Out of their own pocket, the Clintons put up $500.
Although the development was said to be a 50-50 partnership between the McDougals and the Clintons, there was no signed contract between them, and the two couples never seem to have shared equally in profits or losses.
By Clinton's own account, the McDougals had contributed $268,000 and withdrawn $175,800 by 1992, for a net investment (and loss) of $92,200. That is almost twice what the Clintons claim to have lost on the deal.
In addition to repaying the two initial loans they took out to acquire the property, the partners had other Whitewater-related expenses. In the first two years after creating the Whitewater project, it has been reported that they spent $40,000 dividing land into 44 parcels, building gravel roads and printing brochures.
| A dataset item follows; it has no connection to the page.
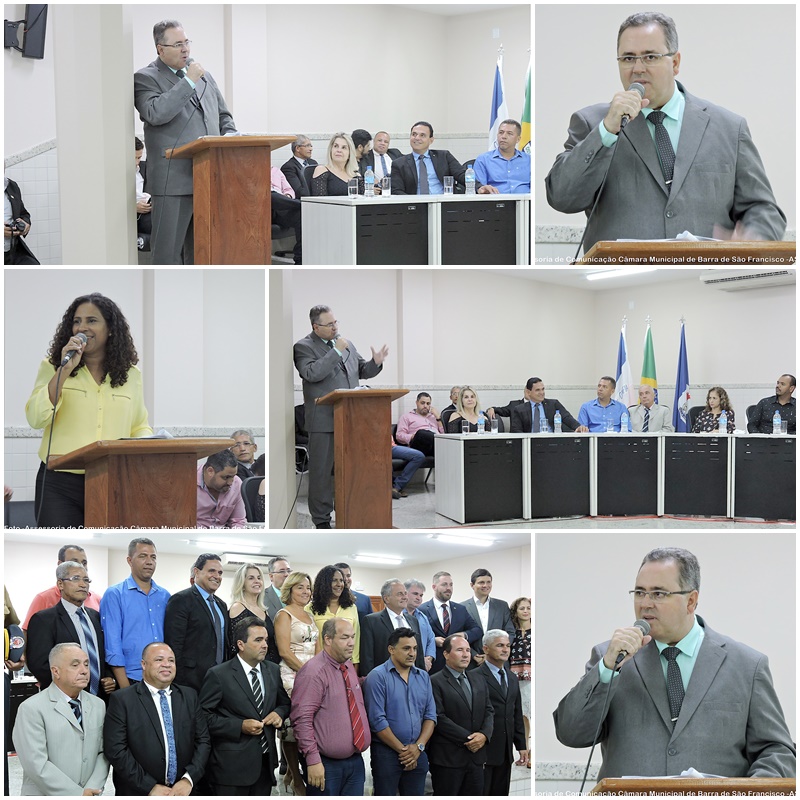 Em noite especial vereadores em sessão solene receberam autoridades e convidados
Exactly how the loans and expenses were covered on a monthly basis is not entirely clear.
While the lots did not sell as quickly as the owners had hoped, land sales did generate a steady stream of income for the company. Yet even after they officially shifted the ownership of the property into the newly created Whitewater Development Corp. in 1979, the McDougals and the Clintons say they frequently were forced to use personal funds to cover business debts and current expenses.
In 1978 and 1979 alone, the Clintons claim to have paid more than $22,120.60 in interest payments on the initial loan.
Then in 1980, Hillary Clinton borrowed another $30,000 at 20% interest from the McDougal-owned Bank of Kingston, Ark., in order to construct a model home on Whitewater lot No. 13. She borrowed it in her name; McDougal's bank was prohibited by law from making loans directly to any of his own business ventures.
The model home was sold in 1981 for $27,700, but it came back to them in 1988 after the buyer declared bankruptcy and died. Because the Clintons still owed $13,000 on the initial loan, they paid $8,000 to reacquire the property. It was then resold, and the Clintons reported a $1,640 capital gain after paying off the note.
The Clintons have said they were passive partners in the Whitewater project and that it was McDougal who ran the business on a day-to-day basis. But they have never explained why they did not share equally with the McDougals in Whitewater losses.
A Wider Scheme?
Many of these seemingly complex transactions, mixing personal and corporate obligations, are typical of closely held enterprises, but in other ways Whitewater seems to have been anything but a normal small business.
According to government investigators, tens of thousands of dollars passed through Whitewater accounts that bear no obvious relationship to the real estate development itself. These transactions are the source of the government's keen interest in the Whitewater project.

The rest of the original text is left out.